Extracted records:

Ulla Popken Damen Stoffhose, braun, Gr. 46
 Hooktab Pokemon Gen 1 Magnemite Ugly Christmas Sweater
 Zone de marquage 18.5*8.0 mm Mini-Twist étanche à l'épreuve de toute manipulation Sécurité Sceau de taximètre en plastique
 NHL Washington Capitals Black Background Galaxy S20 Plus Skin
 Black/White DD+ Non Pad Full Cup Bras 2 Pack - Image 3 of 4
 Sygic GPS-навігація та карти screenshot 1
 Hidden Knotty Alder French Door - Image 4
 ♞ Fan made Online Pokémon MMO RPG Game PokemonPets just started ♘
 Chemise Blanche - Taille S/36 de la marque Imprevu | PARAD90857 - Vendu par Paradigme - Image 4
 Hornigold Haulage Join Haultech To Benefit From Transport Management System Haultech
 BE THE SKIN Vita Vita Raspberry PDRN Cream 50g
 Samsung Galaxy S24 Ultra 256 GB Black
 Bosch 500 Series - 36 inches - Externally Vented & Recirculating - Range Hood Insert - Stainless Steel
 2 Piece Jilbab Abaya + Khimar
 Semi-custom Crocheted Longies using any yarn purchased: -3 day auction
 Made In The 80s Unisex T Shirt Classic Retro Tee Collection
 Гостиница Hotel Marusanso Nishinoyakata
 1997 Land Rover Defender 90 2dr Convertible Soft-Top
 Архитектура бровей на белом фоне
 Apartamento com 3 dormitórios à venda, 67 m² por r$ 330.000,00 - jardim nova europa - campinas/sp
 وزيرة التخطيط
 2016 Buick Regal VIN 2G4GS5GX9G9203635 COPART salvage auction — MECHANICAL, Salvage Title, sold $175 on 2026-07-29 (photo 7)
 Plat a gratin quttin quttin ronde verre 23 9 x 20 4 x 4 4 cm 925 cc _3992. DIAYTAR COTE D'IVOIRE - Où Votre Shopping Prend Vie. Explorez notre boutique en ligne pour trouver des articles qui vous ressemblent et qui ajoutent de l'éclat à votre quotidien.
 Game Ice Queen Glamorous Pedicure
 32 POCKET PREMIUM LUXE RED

__Action item__.
Read the entries above and find each line holding the word "Game". Copy it out.

__Response area__.
 ♞ Fan made Online Pokémon MMO RPG Game PokemonPets just started ♘
 Game Ice Queen Glamorous Pedicure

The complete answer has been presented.